Rains are making it a bit hard to communicate at the moment. The Thuraya satellite phones only work when they are actually pointing up at the satellite, which means you have to be outside. And being outside and pointing the things up at the sky when it's pouring down on you is simply not very pleasant for either me or my phone.
While posting these little rants to my blog may not exactly be a communications priority, reporting security incidents certainly is. And there have been a lot this month in North Darfur where I am working at the moment: it's rare that a day or a situation report passes by without at least one mention of attacks and robberies, be they on locals or aid workers.
After musing yesterday about how even the government must eventually realise that improved security might actually make some sense, I realise that some of the most unlikely sources are suddenly beginning to agree with me on this.
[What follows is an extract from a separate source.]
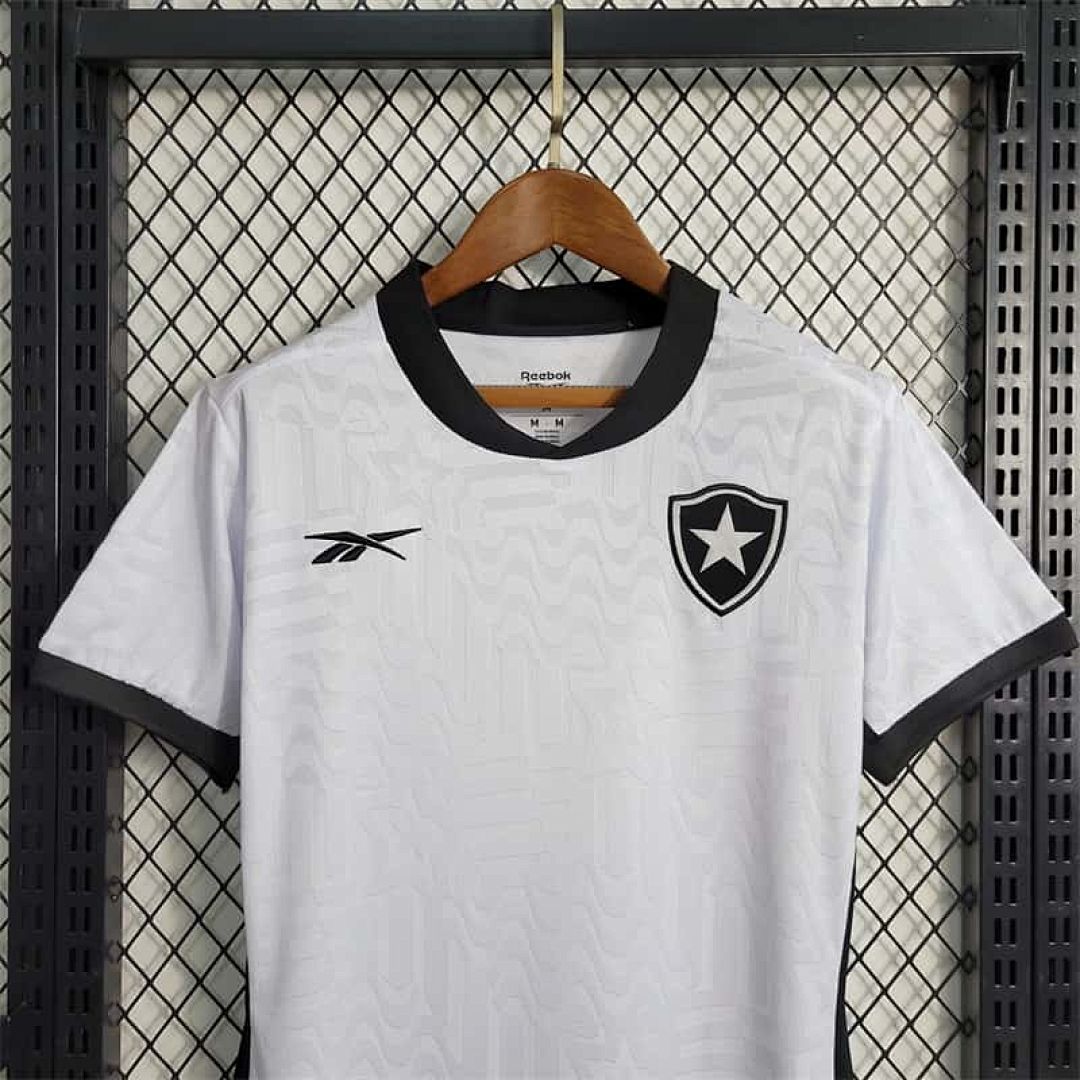 23-24 Women Botafogo away size S-XXL Soccer Jerseys 11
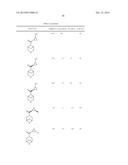 3,6-DIAZABICYCLO[3.1.1]HEPTAINES AS NEURONAL NICOTINIC ACETYCHOLINE     RECEPTOR LIGANDS diagram and image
Today an African Union soldier who patrols around a checkpoint near Kebkabiya tells me that he had an interesting experience a few weeks ago - a group of Arab militia were passing through and suddenly stopped to complain to the AU about increased robberies and banditry in that area (no mention of the politically and ethnically motivated attacks, rapes and murders, but hey, what can you expect from militia?)
Yep, that's militia, complaining about too much violence. And the fact that someone should really do something about it.
It gets even better: only a few hours later, who should pass by the same checkpoint but a group of rebels (SLA). Making exactly the same comment about how the AU should really sort out all this banditry - it's simply getting unacceptable, all this violence.
I couldn't agree more. Shame that my definition of violence still seems to be a bit wider than theirs.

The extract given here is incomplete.